French tips are inarguably the most classic manicure to date. “French tips are deemed a classic because they’re a way to make the nail resemble a natural nail but elevated,” nail artist Kinaya Haug tells ESSENCE.
“They look very fresh and clean and give your nails a very ‘clean girl aesthetic’ appearance.” While we’ve seen French tips be reinvented time and again throughout history, the more rare chunky 2004 French tips have returned.
For example, this week, Beyoncé released a new promo video for her SirDavis American Whiskey wearing an oval set of French tips. With a cigar clasped between her fingers and a glass of whiskey in hand, her white tips were set deeper than the normal nail, which covered a third of her natural pink base.
The chucky French tip?

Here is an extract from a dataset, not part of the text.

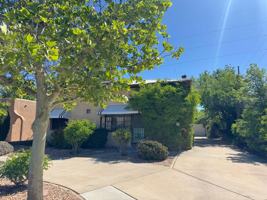 featured image of 820 Vassar Dr Ne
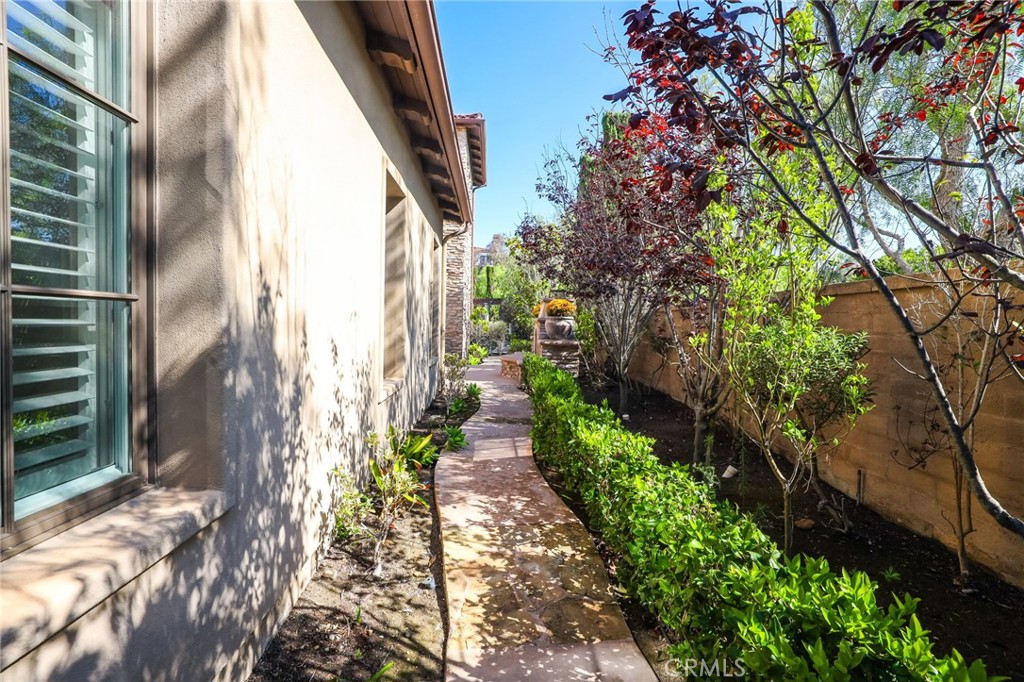 MLS #OC25219998 image #57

Revived. “Everyone is into the Y2K aesthetic so the chunky French tips are making a comeback,” Haug says.
Of course, there’s the original French tip, which was first worn in 1975, to reduce the time it took to change an actress’s manicure between scenes, and is still popular five decades later.
But there’s also the original location of the style (hint: it’s not France), which was founded by Jeff Pink, an American beauty supplier working in Hollywood. So, it’s no surprise America’s favorite mega-popstar, beauty icon, and artist Beyoncé Giselle Knowles-Carter is partial to a French manicure.
“I have people that love a little micro-French and I have people that love a throwback French with the nail majority white,” Haug says. For Mrs. Carter, a macro-tip says just enough, turning the look into her new signature (next to her ‘70s platinum blonde wig and caramel-toned makeup, nonetheless). “I personally love a deep French tip and I think a lot of other nail techs would agree.”